TASK OBJECTIVE:
Retype, without alteration, each line from the line containing "Tasty and healthy" to the final line of the records.

Segment Open

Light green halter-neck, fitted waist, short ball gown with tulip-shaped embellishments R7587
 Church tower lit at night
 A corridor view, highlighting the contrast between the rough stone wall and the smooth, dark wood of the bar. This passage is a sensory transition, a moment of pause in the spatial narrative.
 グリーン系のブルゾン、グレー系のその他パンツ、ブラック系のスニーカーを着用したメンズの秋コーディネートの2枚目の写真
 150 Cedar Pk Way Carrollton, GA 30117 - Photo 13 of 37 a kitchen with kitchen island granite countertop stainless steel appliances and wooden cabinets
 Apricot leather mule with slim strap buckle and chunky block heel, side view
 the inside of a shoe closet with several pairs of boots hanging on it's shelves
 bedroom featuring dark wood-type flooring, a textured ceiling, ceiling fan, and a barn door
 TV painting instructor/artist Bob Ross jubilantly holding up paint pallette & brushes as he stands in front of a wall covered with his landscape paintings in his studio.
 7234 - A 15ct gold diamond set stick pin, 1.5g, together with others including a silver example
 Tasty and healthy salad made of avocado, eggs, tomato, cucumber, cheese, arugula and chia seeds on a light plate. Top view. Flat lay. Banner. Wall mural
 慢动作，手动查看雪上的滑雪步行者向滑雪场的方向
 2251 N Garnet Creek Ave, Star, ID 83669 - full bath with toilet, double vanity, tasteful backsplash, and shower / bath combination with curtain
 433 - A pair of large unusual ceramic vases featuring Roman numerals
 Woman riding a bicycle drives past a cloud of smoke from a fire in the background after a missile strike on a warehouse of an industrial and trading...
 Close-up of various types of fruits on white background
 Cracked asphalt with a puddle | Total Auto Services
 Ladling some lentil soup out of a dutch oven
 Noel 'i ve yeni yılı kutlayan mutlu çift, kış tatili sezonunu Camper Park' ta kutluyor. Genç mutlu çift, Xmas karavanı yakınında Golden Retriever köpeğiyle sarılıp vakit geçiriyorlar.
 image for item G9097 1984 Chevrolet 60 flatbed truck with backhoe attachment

Segment Closed

ANSWER AREA:
 Tasty and healthy salad made of avocado, eggs, tomato, cucumber, cheese, arugula and chia seeds on a light plate. Top view. Flat lay. Banner. Wall mural
 慢动作，手动查看雪上的滑雪步行者向滑雪场的方向
 2251 N Garnet Creek Ave, Star, ID 83669 - full bath with toilet, double vanity, tasteful backsplash, and shower / bath combination with curtain
 433 - A pair of large unusual ceramic vases featuring Roman numerals
 Woman riding a bicycle drives past a cloud of smoke from a fire in the background after a missile strike on a warehouse of an industrial and trading...
 Close-up of various types of fruits on white background
 Cracked asphalt with a puddle | Total Auto Services
 Ladling some lentil soup out of a dutch oven
 Noel 'i ve yeni yılı kutlayan mutlu çift, kış tatili sezonunu Camper Park' ta kutluyor. Genç mutlu çift, Xmas karavanı yakınında Golden Retriever köpeğiyle sarılıp vakit geçiriyorlar.
 image for item G9097 1984 Chevrolet 60 flatbed truck with backhoe attachment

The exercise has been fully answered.